Entries shown:
· · · · · · ·

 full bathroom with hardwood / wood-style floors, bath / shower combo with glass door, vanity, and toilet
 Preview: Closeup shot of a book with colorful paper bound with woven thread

· · · · · · ·

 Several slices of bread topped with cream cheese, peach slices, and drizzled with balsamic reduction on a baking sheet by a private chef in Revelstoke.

· · · · · · ·

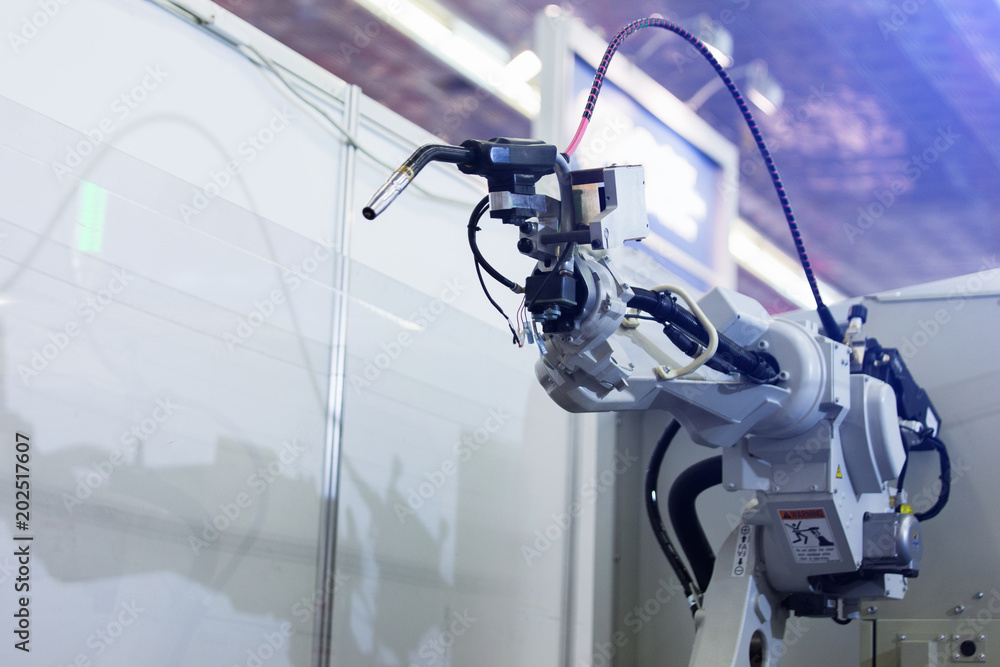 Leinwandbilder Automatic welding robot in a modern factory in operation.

· · · · · · ·

To do: Could you repeat exactly the lines in the listing above from the one with "full bathroom with" down to the one with "Preview: Closeup shot"? Include both of those lines.

Your solution:
 full bathroom with hardwood / wood-style floors, bath / shower combo with glass door, vanity, and toilet
 Preview: Closeup shot of a book with colorful paper bound with woven thread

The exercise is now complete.